L’IMPORTANZA CRESCENTE DELLE MATERIE PRIME CRITICHE
Per favorire la transizione ecologica, nei prossimi anni si prevede un aumento esponenziale della domanda di materie prime critiche, di fondamentale importanza per l’industria europea, ma esposte a un rischio più elevato di approvvigionamento, anche a causa del difficile scenario geopolitico. Lo sviluppo di filiere per il recupero di materie prime critiche e strategiche è fondamentale per contribuire a garantire la sicurezza nell’accesso alle risorse: gli impianti rinnovabili (fotovoltaici, eolici e i sistemi di accumulo ad essi associati) che nei prossimi anni andranno adecommissioning (circa 400 mila tonnellate di rifiuti provenienti solo dal fotovoltaico al 2035), rappresentano una vera e propria miniera urbana.

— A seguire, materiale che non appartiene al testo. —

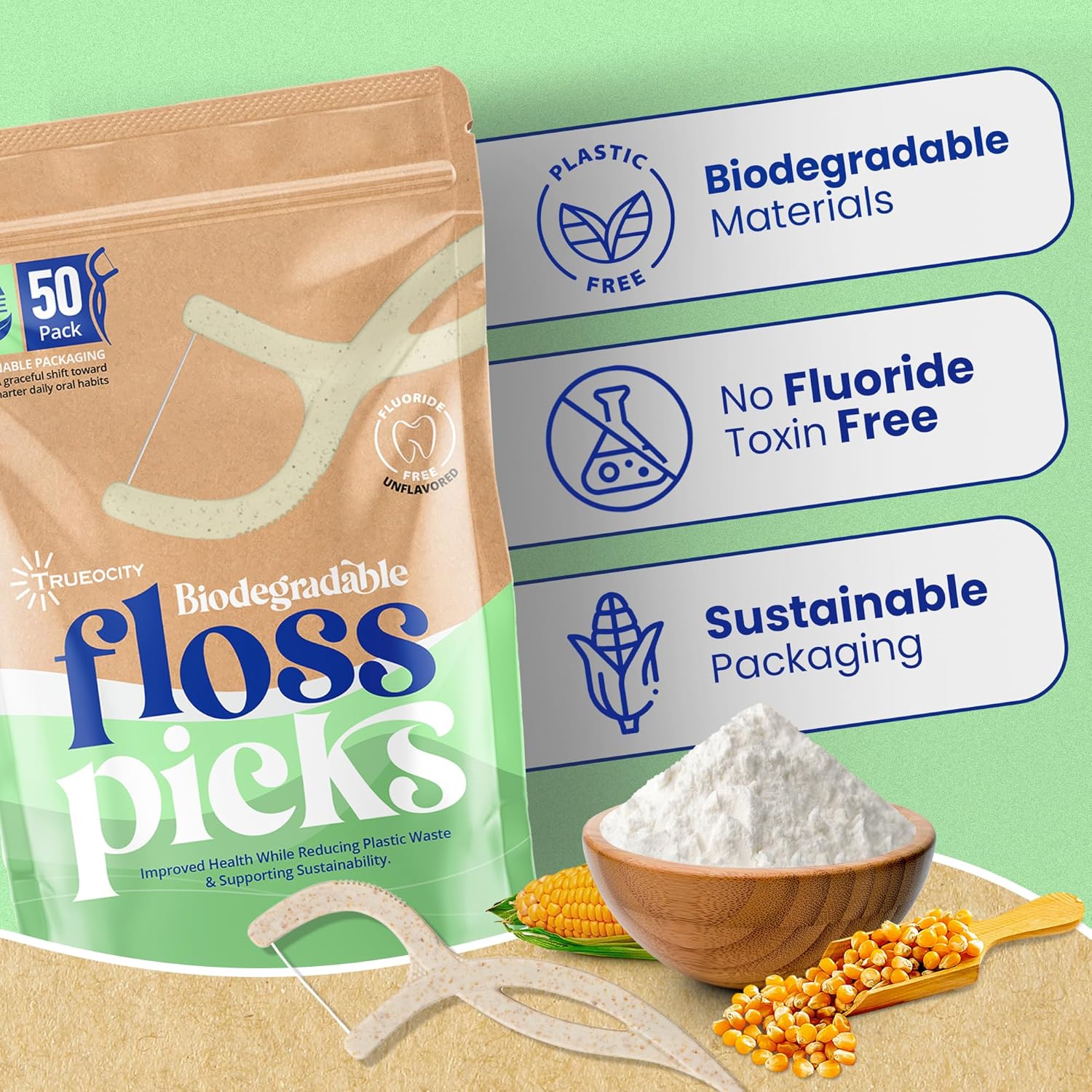 Biodegradable Floss Picks, Natural & Organic Floss Picks, Eco-Friendly Tooth Flossers, Ideal for Adults, Gentle & Effective Flossing, Fresh Breath, Sustainable Oral Care (100 Units)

Da questo punto di vista il corretto riciclo dei RAEE può rappresentare un’opportunità per ridurre la dipendenza da Paesi terzi. Tuttavia, nel 2023, la raccolta nazionale complessiva dei RAEE proveniente dai nuclei domestici si è attestata a circa 349mila tonnellate, in calo del 3,1% rispetto al 2022. I livelli di raccolta, pari a circa 6 kg per abitante, sono ancora lontani dagli obiettivi stabiliti dall’Europa (12 kg per abitante) e non consentono di incidere sull’economicità del recupero di materie prime critiche. Visto il loro valore strategico e le difficoltà nell’approvvigionamento di tali materiali, appare indispensabile potenziare la raccolta che sembra essere il vero volano di sviluppo della filiera e per garantire gli investimenti necessari alla completa estrazione della catena del valore di tale flusso. Per fare ciò occorre rivedere i meccanismi di finanziamento della raccolta da parte degli schemi di responsabilità estesa del produttore.
La crescente domanda di beni di consumo e la necessità di efficientare l’impiego di risorse e di materiali nella produzione rende evidente l’importanza del riciclo, del recupero e re-impiego di Materie Prime Secondarie (MPS). A tal proposito, Utilitalia ed Enea hanno realizzato un progetto per valutare il risparmio energetico associato all’utilizzo di MPS rispetto alla materia prima vergine: l’analisi LCA, effettuata secondo l’approccio “from cradle to market”, ha dimostrato che l’utilizzo di MPS comporta un vantaggio in termini di efficienza energetica e di riduzione delle emissioni di CO2. La valorizzazione del risparmio energetico e delle emissioni tramite Titoli di Efficienza Energetica Circolare (TEEC) e crediti di carbonio (3C) renderebbe le Materie Prime Secondarie più competitive, incentivando una più efficiente domanda dei materiali e migliorando la raccolta e il riciclo dei rifiuti. Stimolando la creazione di un mercato adeguato delle MPS e valorizzando i benefici ambientali, questo meccanismo potrebbe, inoltre, favorire l’infrastrutturazione industriale, spingendo le imprese verso modelli di approvvigionamento virtuosi.